Although there is considerable scarcity in terms of the availability of data on the sector, it is also possible to conclude that Uruguayan illustration is anchored in a solid artistic tradition and a community that has been characterized by gathering around a common objective of "resistance" that strains the balance between the functional and social aspects of the discipline.
There are still important structural weaknesses surrounding the social, professional and economic status of artists, as well as of updated information on the opportunities and challenges in terms of the activity linked to cultural industries and the possibility of internationalization of local artistic production. However, based on the bibliographic and qualitative information gathered, it is possible to argue that there are public policies and private actions aimed at promoting the sector that - although lacking an apparent long-term strategy - have had successful results in terms of the visibility of the work of authors..
The players interviewed indicate, on the other hand, that for the Uruguayan artists and professionals who are used to looking beyond the limited national market, the time of the pandemic has allowed them not only to consolidate and professionalize projects, but also to receive increasing demand in several platforms and media, both physical and digital. In the pandemic scenario, distances appear to have been played down and many of the creators have dared to go out, to associate with others, to invite, to propose, to show themselves and explore outside the usual places and comfort zones.

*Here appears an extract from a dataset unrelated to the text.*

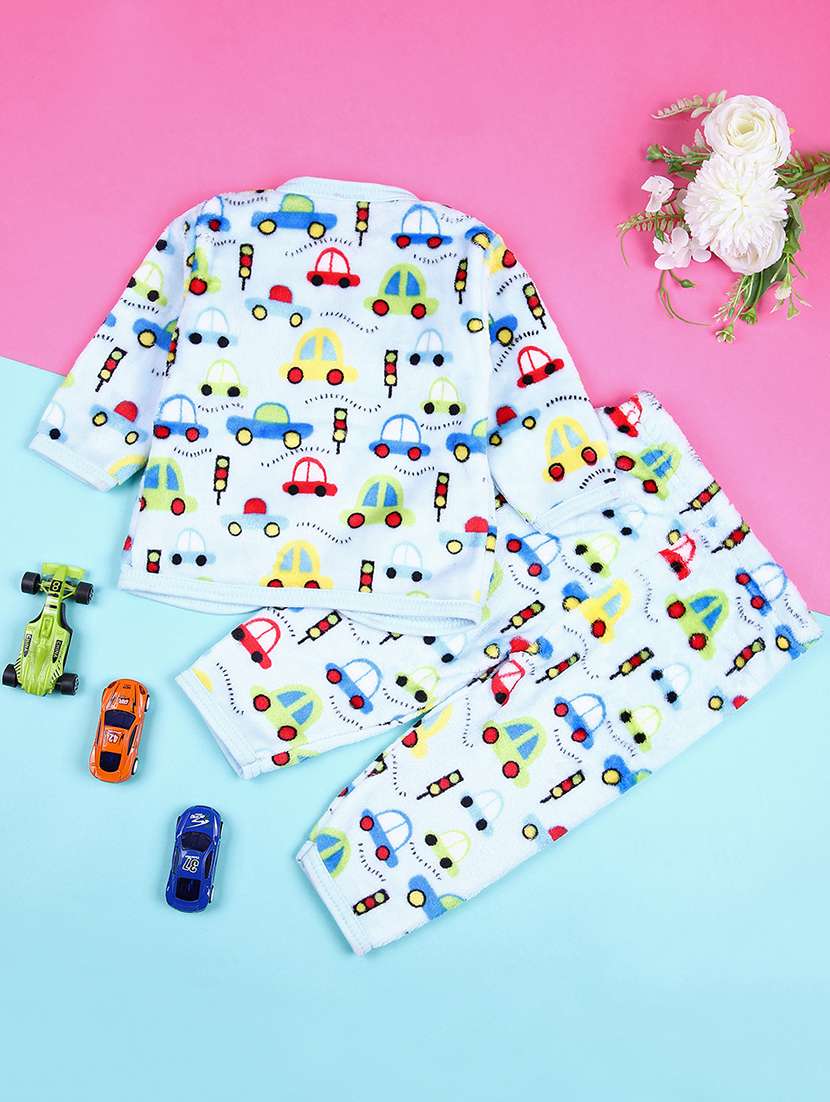 kids printed full length twin set - 21500932 -  Standard Image - 1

In the immediate future, however, there are challenges that will require not only the advancement of existing weaknesses but also the development of new strategies for the positioning of artists in the artistic and commercial market. These challenges have to do, mainly, with the development of legal frameworks that establish parameters for the ethical use of new technological tools, especially with reference to artificial intelligence applications. From an optimistic point of view, it could be expected that the urgency of this context will force the resolution of the problems that have been afflicting the sector for the longer term.